COLLECTED DATA:
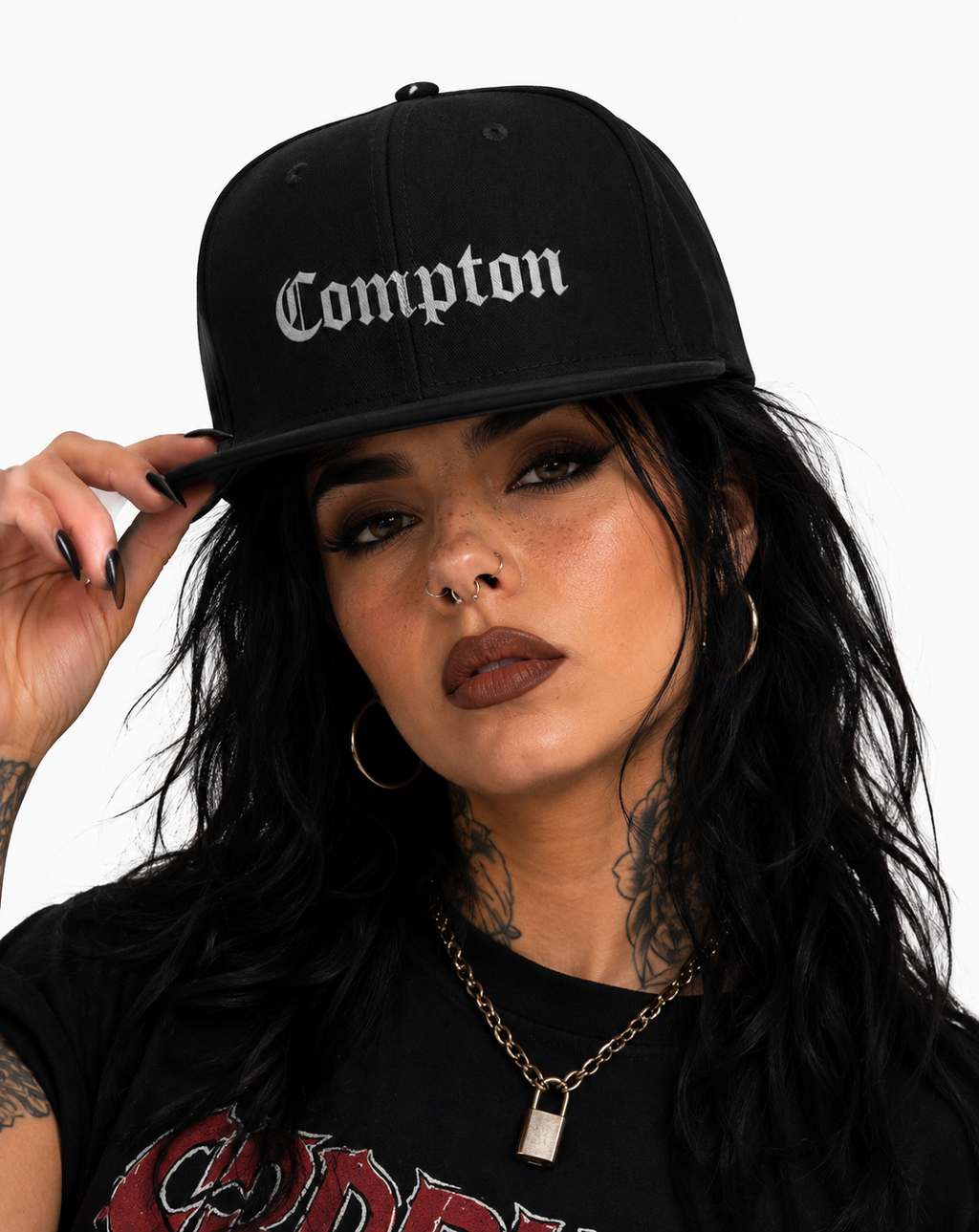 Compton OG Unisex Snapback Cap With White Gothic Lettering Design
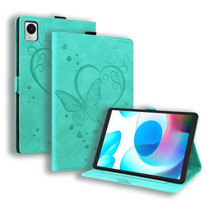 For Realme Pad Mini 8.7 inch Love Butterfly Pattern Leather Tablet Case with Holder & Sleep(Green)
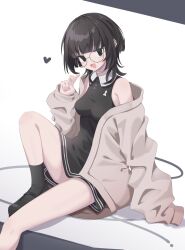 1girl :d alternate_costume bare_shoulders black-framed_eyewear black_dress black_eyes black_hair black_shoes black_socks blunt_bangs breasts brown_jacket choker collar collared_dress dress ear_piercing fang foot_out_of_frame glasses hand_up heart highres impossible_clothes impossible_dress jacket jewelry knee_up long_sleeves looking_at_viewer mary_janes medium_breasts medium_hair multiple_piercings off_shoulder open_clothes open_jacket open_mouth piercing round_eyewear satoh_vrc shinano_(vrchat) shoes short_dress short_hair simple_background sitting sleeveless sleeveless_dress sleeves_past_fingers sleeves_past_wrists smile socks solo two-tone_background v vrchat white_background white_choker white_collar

ASSIGNMENT: A word-for-word repeat is expected of the lines from the one with "For Realme Pad" to the end of the data, both included; pictures are not part of it.

WORKED SOLUTION:
 For Realme Pad Mini 8.7 inch Love Butterfly Pattern Leather Tablet Case with Holder & Sleep(Green)
 1girl :d alternate_costume bare_shoulders black-framed_eyewear black_dress black_eyes black_hair black_shoes black_socks blunt_bangs breasts brown_jacket choker collar collared_dress dress ear_piercing fang foot_out_of_frame glasses hand_up heart highres impossible_clothes impossible_dress jacket jewelry knee_up long_sleeves looking_at_viewer mary_janes medium_breasts medium_hair multiple_piercings off_shoulder open_clothes open_jacket open_mouth piercing round_eyewear satoh_vrc shinano_(vrchat) shoes short_dress short_hair simple_background sitting sleeveless sleeveless_dress sleeves_past_fingers sleeves_past_wrists smile socks solo two-tone_background v vrchat white_background white_choker white_collar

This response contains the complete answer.